Am nächsten Morgen treffe ich meine Kollegen aus dem Team Besenwagen. Es zeigt sich schnell, dass alle die gleichen Gedanken haben wie ich. Durchfahren wäre wohl für jeden von uns ein Riesenerfolg. Außer für Paul Voß: Er wirkt so unaufgeregt, als wäre das ein ganz normaler Tag im Büro. Aber ich glaube, wenn man mal an der Spitze der World Tour war, dann ist ein Bundesligarennen nun mal genau das – ein ganz normaler Tag im Büro.

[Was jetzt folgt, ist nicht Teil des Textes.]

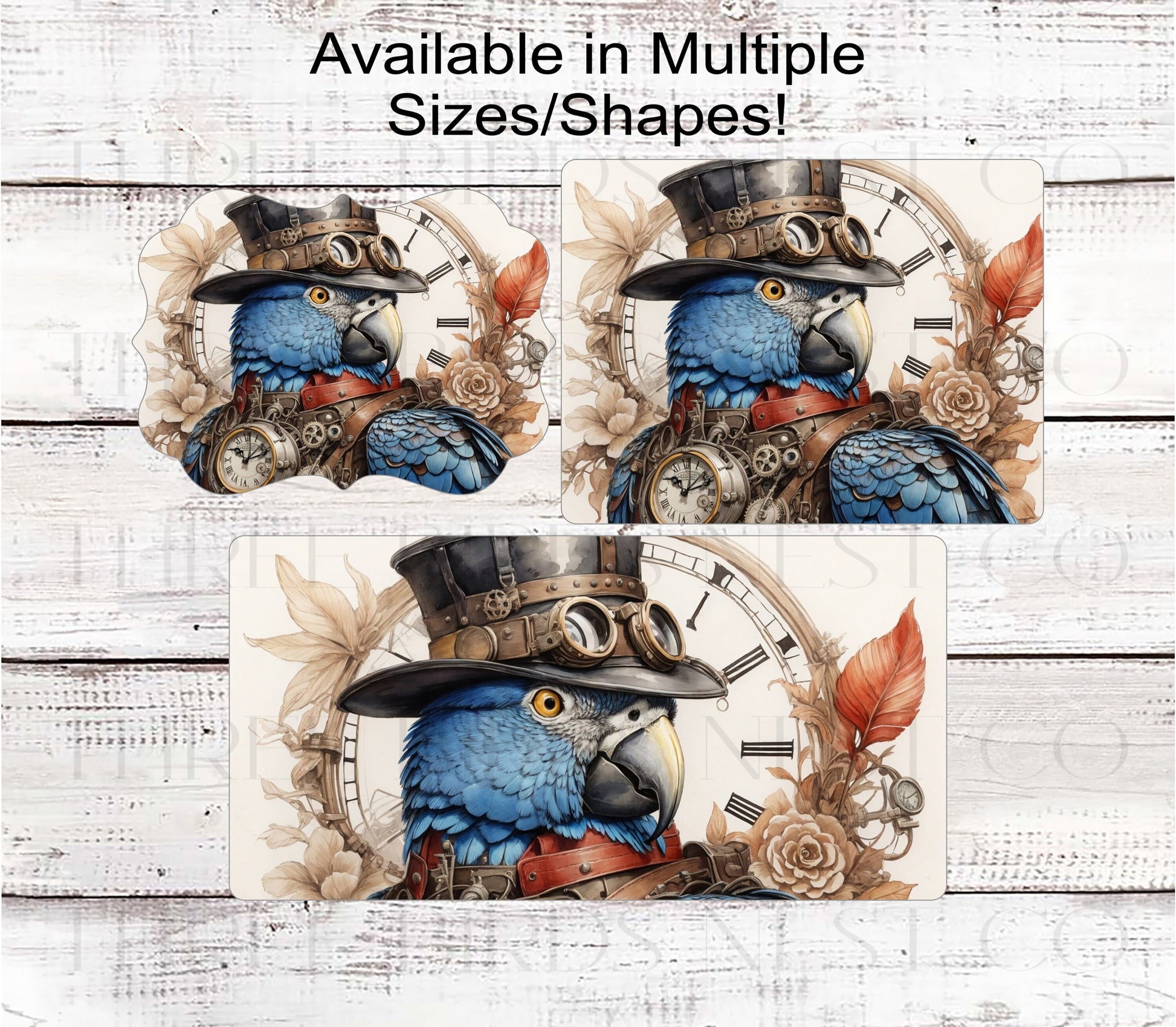 Steampunk Hyacinth Macaw - Parrot Sign - Steampunk Decor - Steampunk Wreath Sign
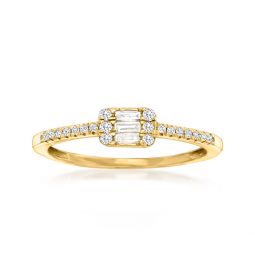 canaria diamond rectangular cluster ring in 10kt yellow gold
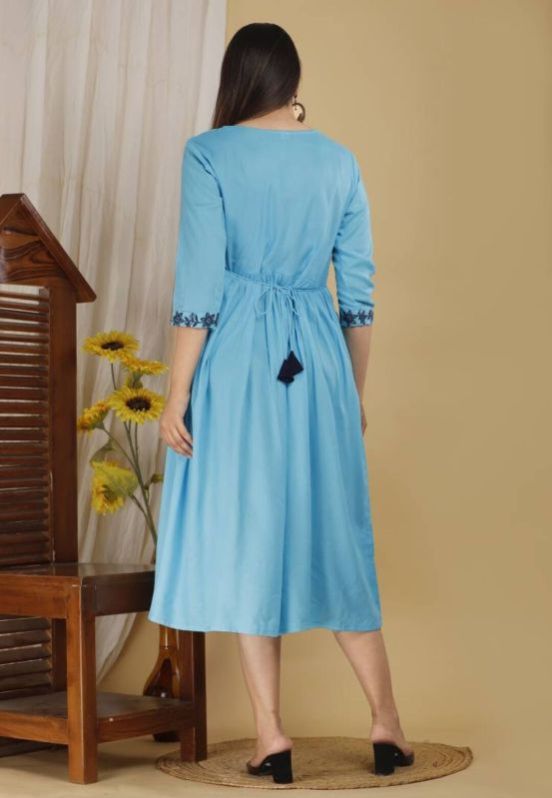 Shree Gulab Sky Women\'s Rayon Embroidered Round Neck 3/4 Sleeves Solid Gown Kurti Pack Of 1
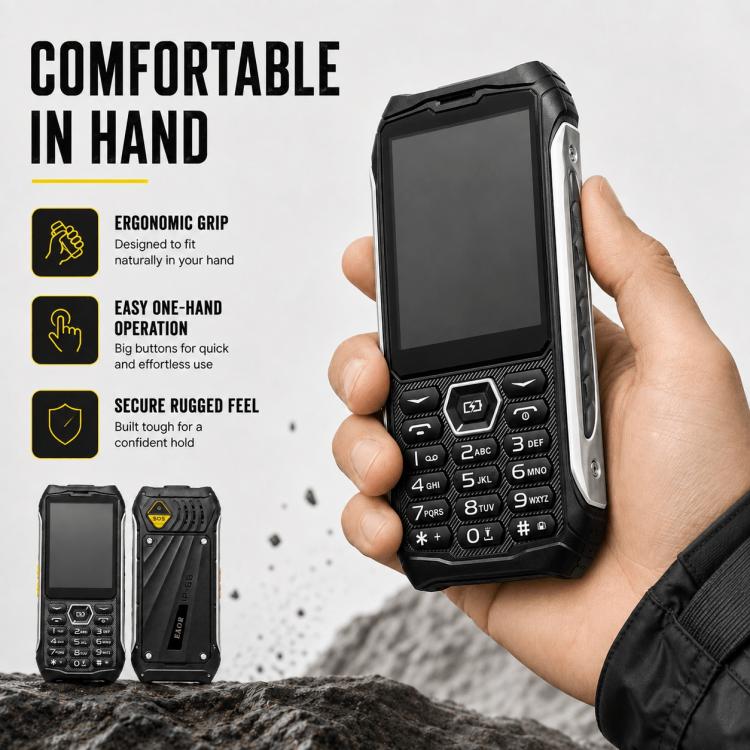 HP336 4G IP68 Rugged Phone, 3.5 inch, 4500mAh Battery, Network: 4G, BT, FM, SOS, Torch, EU Plug, US Plug, UK Plug, AU Plug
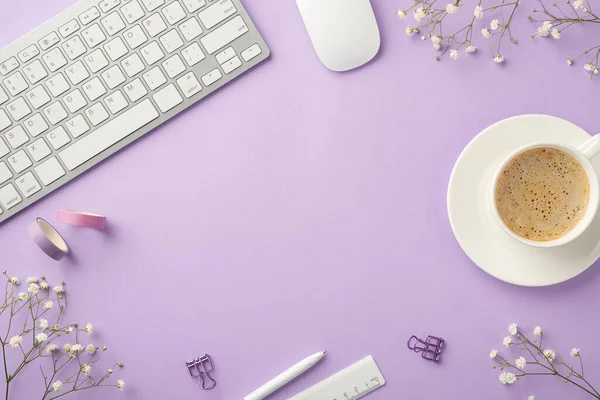 Top view photo of keyboard computer mouse cup of coffee on saucer pen ruler binder clips adhesive tape and white gypsophila flowers on isolated pastel violet background with copyspace in the middle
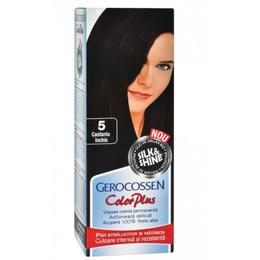 Vopsea de Par Silk&Shine Gerocossen Color Plus, nuanta 5 Castaniu Inchis, 50 g la cel mai bun pret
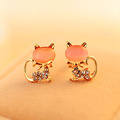 EARRINGS shine OPAL cat Korean cute little animal Earring Z1009
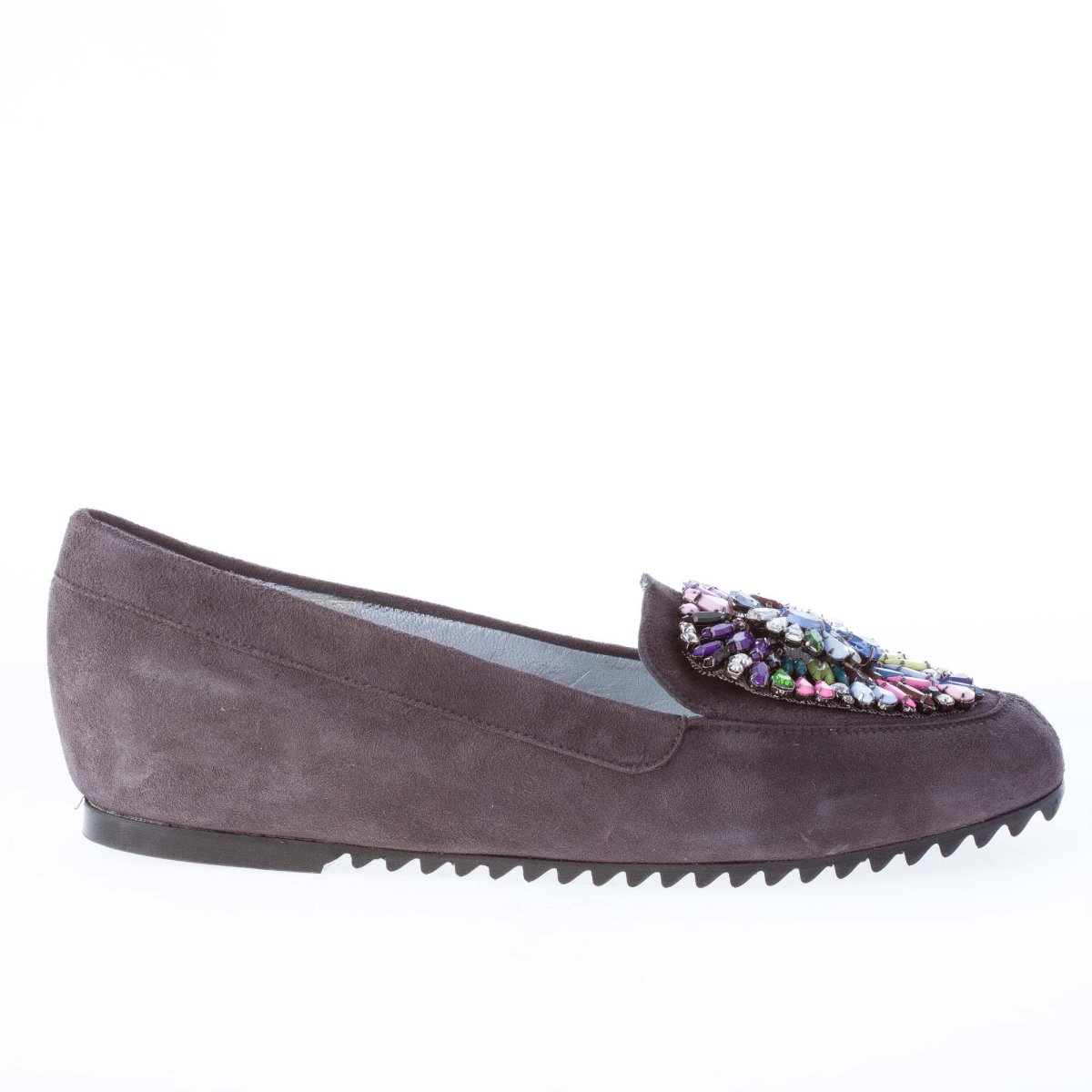 AZUREE CANNES mocassino in camoscio GRIGIO con gioiello colorato. - immagine 2
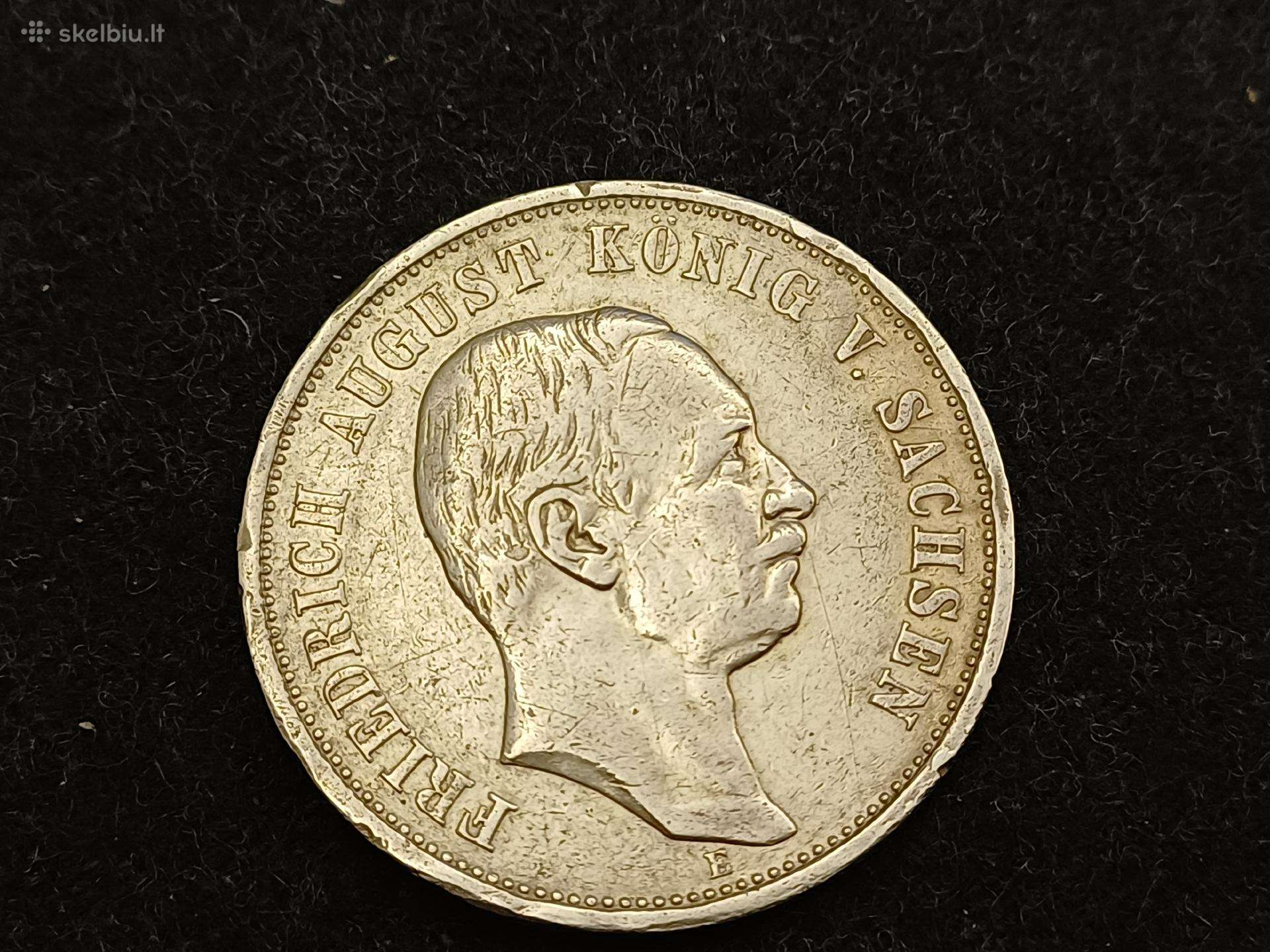 Sidabrine moneta 3 mark 1910 m. Friedrich August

Startnummern eingesteckt und Transponder montiert, zurück zum Auto und alles fertig machen. Jetzt nur in der Aufregung nichts vergessen! Alles, was man jetzt vergisst, kann einem später im Rennen das Genick brechen. Also Flaschen füllen, Pulver rein, Gels einstecken, Reifen aufpumpen, Bremsen kontrollieren, Brille mitnehmen. Eigentlich wollen wir uns noch eine Runde warm fahren, haben aber das Einschreiben vergessen. Danach ist nicht mehr genug Zeit, also sagen wir uns, dass es genügen muss, wenn wir dreimal die Steigung vor Start/Ziel fahren. Doch als ich nach dem zweiten Mal Richtung Start/Ziel komme, stellen sich die ersten schon zum Start auf. Also belasse es bei zweimal und stelle mich lieber etwas weiter vorne an den Start. Es ist noch eine gute Viertelstunde bis zum Start, die sich wie eine halbe Ewigkeit anfühlt. Gott sei Dank habe ich ein paar nette Jungs um mich herum und wir erzählen und blödeln noch ein wenig, um uns die Zeit zu vertreiben. Ich höre den Sprecher noch sagen: „Die Strecke ist prädestiniert, um ein Ausscheidungsrennen zu werden.“ Wenn man sich das Profil anschaut, wird auch schnell klar, warum: Es gibt eine 500-Meter-Steigung vor Start/Ziel, dann eine kurze Abfahrt und direkt dahinter noch eine 2,2 km lange Steigung. Nach insgesamt 14 Runden und 140 km hat man über 2200 hm gesammelt.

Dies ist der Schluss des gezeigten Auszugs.